For the first quarter of 2017, we expect the following
As we look forward, we remain optimistic about our long-term growth prospects. We occupy a strategic position in a dynamic and growing global marketplace.
And with the appointment of Michael Barrett as CEO, have further strengthened our already strong management and technical team. We will continue to prudently manage our financial resources and to protect our balance sheet while making the right investments to position us well for longer-term success.
Frank Addante
Thank you, David. I spoke earlier about why I feel -- why we feel positive about our product innovation and our execution in capturing market share of supply, both key drivers for our future success.
While it's clear we still have some work to do to get this optimism reflected in the financials, we believe that by building on the strong positions we have in mobile, video and orders, and continuing the accelerated progress we're making in FastLane, we will emerge as the leading independent global exchange.
Frank Addante
Before opening up for questions, I wanted to reiterate my excitement that Michael is joining our team. He's a proven leader and has the operational experience and strong customer brand.
We're lucky to have him onboard. With that, we'll now open up the call for questions.
Operator
[Operator Instructions] And our first questioner today is going to be Kerry Rice with Needham.
Kerry Rice
Maybe, first, a question on the header bidding or FastLane. What is the best way to best understand the penetration of FastLane?
Is that the number of publishers, which, I think, you mentioned around 300 deployments out of, I think, roughly 500? Or is it maybe the percentage of impressions that you can sell?
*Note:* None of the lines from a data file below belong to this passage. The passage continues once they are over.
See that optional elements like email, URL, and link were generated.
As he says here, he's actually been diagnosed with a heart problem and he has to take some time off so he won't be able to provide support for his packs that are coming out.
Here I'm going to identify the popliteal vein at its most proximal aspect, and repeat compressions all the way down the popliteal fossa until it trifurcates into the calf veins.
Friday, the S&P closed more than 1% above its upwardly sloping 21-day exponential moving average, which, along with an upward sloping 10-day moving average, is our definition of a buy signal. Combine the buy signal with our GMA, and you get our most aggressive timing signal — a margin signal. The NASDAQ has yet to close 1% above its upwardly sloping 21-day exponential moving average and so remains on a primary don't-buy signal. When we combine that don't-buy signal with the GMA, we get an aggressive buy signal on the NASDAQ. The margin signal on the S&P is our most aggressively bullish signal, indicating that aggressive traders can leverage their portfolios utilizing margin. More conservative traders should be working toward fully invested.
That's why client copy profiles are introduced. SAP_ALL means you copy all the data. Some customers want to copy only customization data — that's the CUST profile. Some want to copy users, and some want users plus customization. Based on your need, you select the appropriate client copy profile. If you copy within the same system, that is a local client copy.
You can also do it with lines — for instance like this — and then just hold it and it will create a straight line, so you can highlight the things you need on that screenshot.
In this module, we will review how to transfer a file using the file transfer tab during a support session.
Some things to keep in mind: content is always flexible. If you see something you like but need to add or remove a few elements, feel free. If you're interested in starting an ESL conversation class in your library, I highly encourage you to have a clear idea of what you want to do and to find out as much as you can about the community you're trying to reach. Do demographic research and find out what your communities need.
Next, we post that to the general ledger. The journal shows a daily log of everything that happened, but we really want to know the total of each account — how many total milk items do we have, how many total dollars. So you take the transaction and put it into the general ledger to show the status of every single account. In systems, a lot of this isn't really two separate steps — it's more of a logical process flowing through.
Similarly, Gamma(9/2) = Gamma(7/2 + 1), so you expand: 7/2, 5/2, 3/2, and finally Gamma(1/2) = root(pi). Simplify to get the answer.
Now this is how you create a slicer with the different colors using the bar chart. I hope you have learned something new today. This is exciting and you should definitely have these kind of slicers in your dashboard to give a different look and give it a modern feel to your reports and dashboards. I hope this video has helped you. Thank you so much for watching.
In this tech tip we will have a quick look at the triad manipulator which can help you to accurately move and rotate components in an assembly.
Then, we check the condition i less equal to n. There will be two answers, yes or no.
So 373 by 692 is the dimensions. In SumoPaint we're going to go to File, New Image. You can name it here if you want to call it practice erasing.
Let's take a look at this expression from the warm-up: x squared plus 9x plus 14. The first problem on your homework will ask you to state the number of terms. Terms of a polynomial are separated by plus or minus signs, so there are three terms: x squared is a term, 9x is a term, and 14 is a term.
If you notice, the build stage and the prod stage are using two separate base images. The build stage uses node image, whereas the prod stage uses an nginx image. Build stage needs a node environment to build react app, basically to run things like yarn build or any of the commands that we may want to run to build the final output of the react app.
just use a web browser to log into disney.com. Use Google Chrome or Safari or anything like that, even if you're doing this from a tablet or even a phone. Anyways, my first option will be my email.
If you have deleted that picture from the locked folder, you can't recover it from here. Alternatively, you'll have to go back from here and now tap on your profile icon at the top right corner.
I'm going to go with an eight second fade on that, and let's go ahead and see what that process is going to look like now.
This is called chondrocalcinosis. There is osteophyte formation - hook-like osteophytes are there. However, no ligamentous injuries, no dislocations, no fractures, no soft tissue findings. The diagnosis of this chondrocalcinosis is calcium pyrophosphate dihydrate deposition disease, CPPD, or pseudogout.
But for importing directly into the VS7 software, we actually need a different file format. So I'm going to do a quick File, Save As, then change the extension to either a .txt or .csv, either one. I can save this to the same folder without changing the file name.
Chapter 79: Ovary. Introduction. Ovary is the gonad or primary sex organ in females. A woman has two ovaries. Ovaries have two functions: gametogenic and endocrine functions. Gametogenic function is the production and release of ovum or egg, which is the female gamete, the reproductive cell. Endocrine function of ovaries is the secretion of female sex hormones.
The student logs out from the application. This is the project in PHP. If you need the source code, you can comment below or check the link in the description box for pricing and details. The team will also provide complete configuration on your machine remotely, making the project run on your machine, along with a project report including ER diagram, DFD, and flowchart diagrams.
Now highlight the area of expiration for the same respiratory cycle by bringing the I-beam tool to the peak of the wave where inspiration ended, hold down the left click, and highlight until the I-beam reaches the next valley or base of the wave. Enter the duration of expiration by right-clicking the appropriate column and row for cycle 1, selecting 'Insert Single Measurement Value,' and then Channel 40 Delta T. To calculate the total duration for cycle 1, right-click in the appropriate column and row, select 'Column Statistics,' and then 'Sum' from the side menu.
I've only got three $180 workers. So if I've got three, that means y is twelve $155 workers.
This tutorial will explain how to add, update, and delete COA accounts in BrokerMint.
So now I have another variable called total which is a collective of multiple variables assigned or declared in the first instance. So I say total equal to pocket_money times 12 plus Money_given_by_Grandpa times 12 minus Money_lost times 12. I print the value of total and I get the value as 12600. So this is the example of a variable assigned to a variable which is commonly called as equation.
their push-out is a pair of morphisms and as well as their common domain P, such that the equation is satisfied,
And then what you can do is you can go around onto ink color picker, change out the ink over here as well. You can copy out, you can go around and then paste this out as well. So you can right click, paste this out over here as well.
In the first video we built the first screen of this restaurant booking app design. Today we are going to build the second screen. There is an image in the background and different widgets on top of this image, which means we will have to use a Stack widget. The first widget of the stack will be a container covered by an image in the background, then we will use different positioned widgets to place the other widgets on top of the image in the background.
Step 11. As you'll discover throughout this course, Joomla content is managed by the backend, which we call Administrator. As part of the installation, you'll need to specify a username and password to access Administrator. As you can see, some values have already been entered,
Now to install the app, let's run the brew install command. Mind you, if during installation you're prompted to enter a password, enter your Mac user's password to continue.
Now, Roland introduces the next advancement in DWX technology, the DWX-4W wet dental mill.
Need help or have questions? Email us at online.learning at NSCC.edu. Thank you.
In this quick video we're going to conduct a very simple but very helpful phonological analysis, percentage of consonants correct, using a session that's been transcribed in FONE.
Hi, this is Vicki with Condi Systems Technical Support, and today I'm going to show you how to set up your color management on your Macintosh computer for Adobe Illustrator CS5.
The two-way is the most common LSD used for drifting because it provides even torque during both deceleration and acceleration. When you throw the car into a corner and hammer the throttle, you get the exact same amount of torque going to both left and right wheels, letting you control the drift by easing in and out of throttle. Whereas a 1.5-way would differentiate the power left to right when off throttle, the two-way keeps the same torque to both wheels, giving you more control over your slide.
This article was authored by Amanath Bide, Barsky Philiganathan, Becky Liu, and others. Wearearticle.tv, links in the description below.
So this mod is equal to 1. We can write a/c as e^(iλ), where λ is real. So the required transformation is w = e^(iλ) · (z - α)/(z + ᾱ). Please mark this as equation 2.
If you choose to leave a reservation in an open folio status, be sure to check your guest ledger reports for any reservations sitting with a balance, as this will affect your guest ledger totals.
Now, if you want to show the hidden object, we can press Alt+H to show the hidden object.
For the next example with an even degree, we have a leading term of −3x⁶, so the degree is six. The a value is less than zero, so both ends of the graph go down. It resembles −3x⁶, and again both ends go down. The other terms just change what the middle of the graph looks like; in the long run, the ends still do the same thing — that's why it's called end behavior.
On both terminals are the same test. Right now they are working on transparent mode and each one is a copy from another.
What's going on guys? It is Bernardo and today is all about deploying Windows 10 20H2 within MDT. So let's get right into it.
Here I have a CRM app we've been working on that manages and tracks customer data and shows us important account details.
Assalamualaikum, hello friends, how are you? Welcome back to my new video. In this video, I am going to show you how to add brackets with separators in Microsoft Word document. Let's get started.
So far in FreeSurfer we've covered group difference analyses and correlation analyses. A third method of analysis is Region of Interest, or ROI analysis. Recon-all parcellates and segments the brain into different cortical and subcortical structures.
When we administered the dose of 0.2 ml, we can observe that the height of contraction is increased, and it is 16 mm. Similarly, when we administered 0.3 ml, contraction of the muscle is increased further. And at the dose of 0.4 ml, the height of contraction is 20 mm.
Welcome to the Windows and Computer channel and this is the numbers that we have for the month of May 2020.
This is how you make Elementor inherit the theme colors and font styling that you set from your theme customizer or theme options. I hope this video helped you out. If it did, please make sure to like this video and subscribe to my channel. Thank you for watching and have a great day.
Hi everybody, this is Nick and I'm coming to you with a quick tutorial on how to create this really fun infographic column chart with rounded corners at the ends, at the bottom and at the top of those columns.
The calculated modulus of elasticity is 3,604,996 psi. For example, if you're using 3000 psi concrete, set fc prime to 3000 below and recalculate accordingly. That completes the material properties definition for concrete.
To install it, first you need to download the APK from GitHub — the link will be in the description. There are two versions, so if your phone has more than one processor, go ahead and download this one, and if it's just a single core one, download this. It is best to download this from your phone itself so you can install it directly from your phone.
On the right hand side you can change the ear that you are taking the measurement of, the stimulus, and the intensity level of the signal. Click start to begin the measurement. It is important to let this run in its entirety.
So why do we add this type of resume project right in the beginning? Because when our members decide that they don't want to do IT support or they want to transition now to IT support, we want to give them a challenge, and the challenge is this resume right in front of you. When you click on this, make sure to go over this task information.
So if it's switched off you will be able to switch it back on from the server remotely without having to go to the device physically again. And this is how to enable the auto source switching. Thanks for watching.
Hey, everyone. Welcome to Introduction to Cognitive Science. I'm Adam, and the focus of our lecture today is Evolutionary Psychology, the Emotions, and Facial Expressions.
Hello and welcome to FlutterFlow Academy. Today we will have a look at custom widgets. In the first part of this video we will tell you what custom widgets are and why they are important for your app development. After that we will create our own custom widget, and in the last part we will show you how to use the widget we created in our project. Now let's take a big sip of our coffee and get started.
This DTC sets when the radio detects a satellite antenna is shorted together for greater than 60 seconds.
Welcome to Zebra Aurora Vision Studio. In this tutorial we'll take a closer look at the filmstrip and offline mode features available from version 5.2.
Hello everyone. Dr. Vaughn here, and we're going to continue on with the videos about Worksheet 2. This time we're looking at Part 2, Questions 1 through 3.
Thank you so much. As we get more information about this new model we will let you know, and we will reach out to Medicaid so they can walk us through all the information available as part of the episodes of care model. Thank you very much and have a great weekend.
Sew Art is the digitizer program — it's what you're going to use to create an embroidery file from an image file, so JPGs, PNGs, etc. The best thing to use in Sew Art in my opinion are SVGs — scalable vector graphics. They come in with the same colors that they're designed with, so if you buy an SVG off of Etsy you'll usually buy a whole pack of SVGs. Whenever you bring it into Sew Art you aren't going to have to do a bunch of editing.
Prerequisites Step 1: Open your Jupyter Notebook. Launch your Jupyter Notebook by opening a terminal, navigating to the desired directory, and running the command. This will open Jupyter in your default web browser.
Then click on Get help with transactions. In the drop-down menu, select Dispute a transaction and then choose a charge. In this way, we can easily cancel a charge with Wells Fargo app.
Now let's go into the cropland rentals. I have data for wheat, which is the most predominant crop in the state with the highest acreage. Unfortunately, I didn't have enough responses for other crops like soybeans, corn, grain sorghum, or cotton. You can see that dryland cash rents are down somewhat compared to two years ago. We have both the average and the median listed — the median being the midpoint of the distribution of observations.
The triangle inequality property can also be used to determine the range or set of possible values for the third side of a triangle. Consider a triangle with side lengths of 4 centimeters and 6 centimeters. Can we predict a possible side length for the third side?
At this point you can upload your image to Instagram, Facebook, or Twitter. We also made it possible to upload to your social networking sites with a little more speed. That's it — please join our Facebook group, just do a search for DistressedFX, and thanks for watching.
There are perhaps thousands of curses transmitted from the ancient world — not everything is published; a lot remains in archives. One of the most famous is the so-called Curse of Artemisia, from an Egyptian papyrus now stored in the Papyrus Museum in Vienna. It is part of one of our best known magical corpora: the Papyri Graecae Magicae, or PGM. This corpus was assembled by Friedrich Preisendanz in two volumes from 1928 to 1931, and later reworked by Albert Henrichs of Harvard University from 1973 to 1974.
If you can give any more details around that, that would be great. And then, the second question is really around mobile.
You mentioned that mobile came down, that was primarily the mobile Web, which I assume, again, is in relation to kind of header bidding. When do you think about mobile app revenue being the primary or the majority of mobile revenue?
Frank Addante
Kerry, it's Frank here. So the best way to understand the penetration of header bidding, so first, just to kind of set the context of this, header bidding is not an entirely new platform for us.
It's an API. It's another way to integrate into the existing customer base as well as new customers.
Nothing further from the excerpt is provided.